I want to talk about Pedrosa before I talk about the race: he said that the result in Austin was amazing, and he’s obviously a warrior (he’s not called a samurai for nothing), and it’s an indication about what I’ve talked about so many times. It’s how he rides the motorcycle because of his size. He’s not very big, he’s not very strong, but he doesn’t need to use those qualities to manipulate the bike. He’s able to use the bike’s inertia and the bike’s movement, anticipating the change in direction and get it in the right position around the track. So when he does have an injury, he’s able to work around it. That’s what he does every lap of every corner, so he does not have to over-grip or depend on that, and certainly, the pain was there and all – that’s a strength that he has, that internal fortitude, discipline, mental strength and the technique to be able to perform. On Sunday, he was in contention for second place, even with that injury.
Now, let’s talk about the major incident in the race. You could see it coming because of the frustration on track. You could see Dovi was starting to get frustrated as Marc inched away by a couple of tenths per lap.
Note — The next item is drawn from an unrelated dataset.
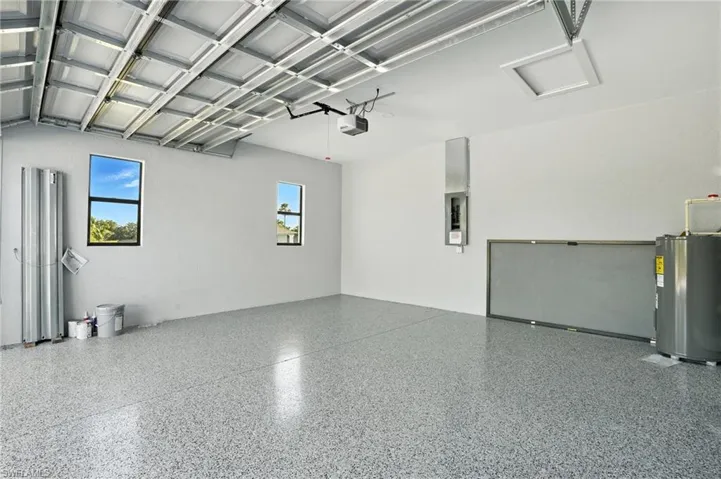 Garage with a garage door opener, electric water heater, and electric panel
Dovi knew that if he was to have any chance of winning the race, he needed to get past Lorenzo. Lorenzo, because of his entry speed, not so much his deep braking, he carries the speed and he also gets that dramatic direction change in the middle, gets off the throttle and off the corner because he picks up the throttle very early. All that was interfering with Dovi’s ability to get into position to make a pass on the brakes at the end of the back straight, where he had tried it the lap before. So you could see it coming when Dovi’s bike started to move around as he was trying to stay close. It wasn’t a matter of power as they were on the same bike, but Dovi wanted to get close enough to out-brake Lorenzo. Now, the concern that you have is that you want to make the pass, but you don’t want to get by, to allow him to square the corner off, but you wouldn’t want to take out your team-mate – that’s the team’s number one rule. So, like I said, you could see that frustration coming, and I could almost feel it through the screen, and they went into the corner and Lorenzo moved up while Dovi tried to make the pass, which was understandable. So here we had that situation, and that was basically what happened, and Lorenzo tried to square up and got connected in an unfortunate position that threw Jorge into Dovi and we had the crash. I think the right decision was made because it was a racing incident, but the only thing about the decision was when the riders blamed each other. That’s where I would’ve said: ‘I got in deep, and it all started because he tried to pass me on the brakes. I understand him needing to do that, but unfortunately, that’s what caused it.’
It was just one of those unfortunate things, and hopefully, we’ll be able to move onto Le Mans as nobody was hurt. It was a great race, and I look forward to the next one, and I hope you do too.